▸ Task to complete
Using the records that appear below, write out exactly the lines from the one with "MCDODO USB-C KABEL" through the one with "Patriotic Otterly American", keeping both end lines.

▸ Stored data

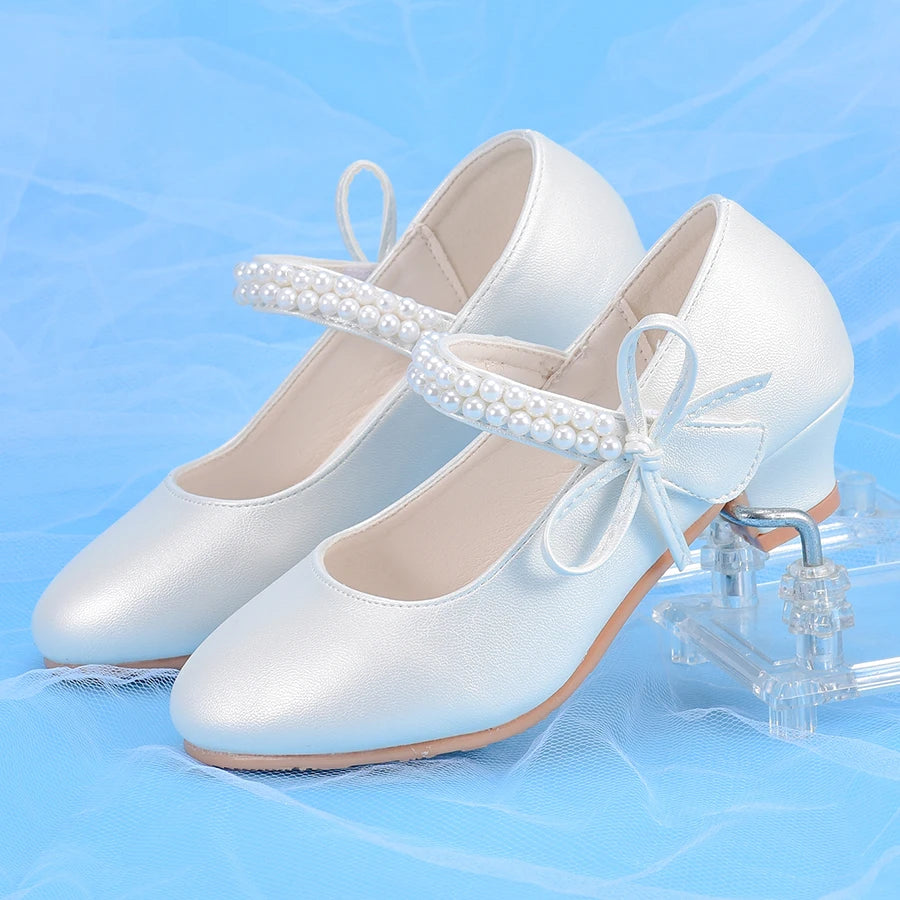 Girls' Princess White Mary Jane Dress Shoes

---

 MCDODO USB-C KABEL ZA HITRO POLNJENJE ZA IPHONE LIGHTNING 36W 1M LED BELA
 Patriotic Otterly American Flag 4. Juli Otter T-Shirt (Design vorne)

▸ Written reply
 MCDODO USB-C KABEL ZA HITRO POLNJENJE ZA IPHONE LIGHTNING 36W 1M LED BELA
 Patriotic Otterly American Flag 4. Juli Otter T-Shirt (Design vorne)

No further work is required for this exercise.